AT&T Success Story: Triple Play in Action

I am in the process of moving and somehow AT&T knew about it. A packet came in last week’s mail branded as "AT&T Mover's One Source." I'm still not sure how the company knew I was moving. As a current AT&T DSL subscriber, perhaps they took note when I moved my service exactly a year ago and guessed right that I am a nomadic twenty-something urban dweller who will move again when my lease expires.

Either way, the packet is meant to make it easier for customers to move existing service and consider new bundled service options, or for prospective customers to switch to bundled services — which have benefits of cost and ease — while they are already moving. I was compelled to call because switching my DSL service was already on my growing to-do list (along with renting a U-Haul, hunting for boxes, etc.).
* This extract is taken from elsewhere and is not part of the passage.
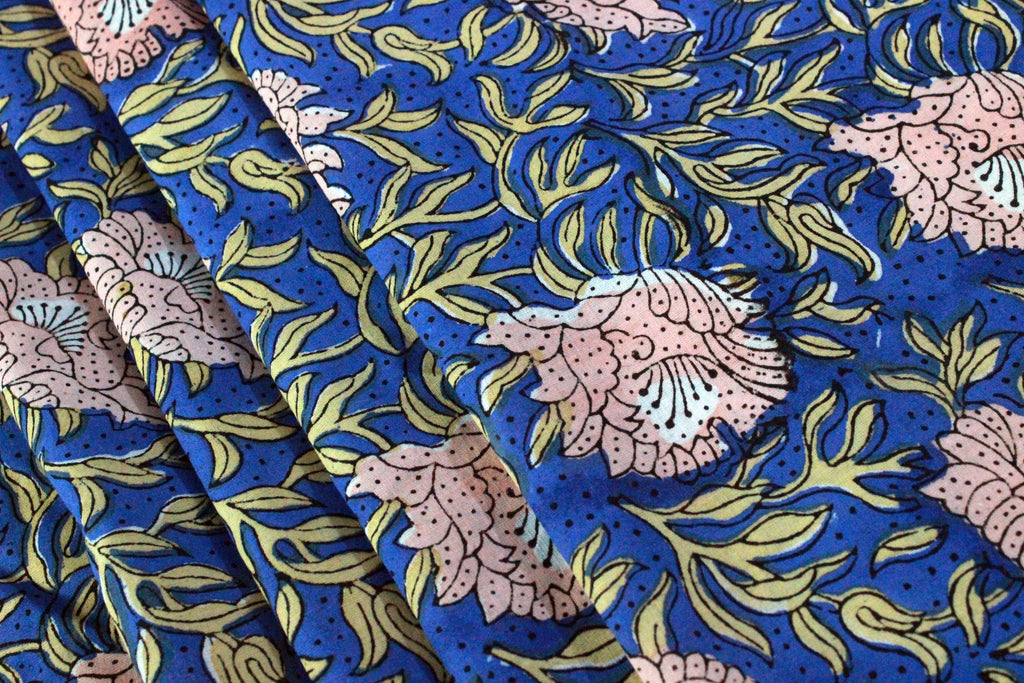Floral Block Print Cotton Fabric: Blue, Pink, Brown Mughal Design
Upon calling I was offered Cingular Wireless service and promotions for switching and bundling my voice, data (DSL) and wireless services. This included saving almost $10 per month on my DSL and getting a wireless plan comparable in price to my current Sprint plan. The bonus here was the coveted Razr phone, offered free as a promotion to existing AT&T DSL customers. Given that my Sprint contract has been over for months and my friends laugh at me for my two-year-old Samsung phone (archaic in device years), I was an easy sell. So you're looking at a born-again Cingular customer.

Now all three services will come with one bill and the total is just north of $70 (not counting long distance for the fixed line, which I don't use anyway). And when AT&T IPTV service comes to San Francisco, I'm going to be hard-pressed not to consider adding it to this service (and billing) bundle. Given that I just spent a lot of time on a report on "quad-play" bundled services, I fully realize the economies of scale this will bring to telecoms and cable companies. But more than anything, this event drove home for me the sales, retention and consumer benefits that bundled services will have. Comcast earlier this week in fact reported strong third quarter earnings attributed to its bundling strategy.

How cable cos. and telcos market and promote these services, execute good customer service (as John Kelsey pointed out earlier in the week) and aggregate content to offer compelling video services will all determine who comes out on top. How they tie together all four services to become content and advertising distribution networks will likewise determine the leverage they will enjoy in the next-generation media environment.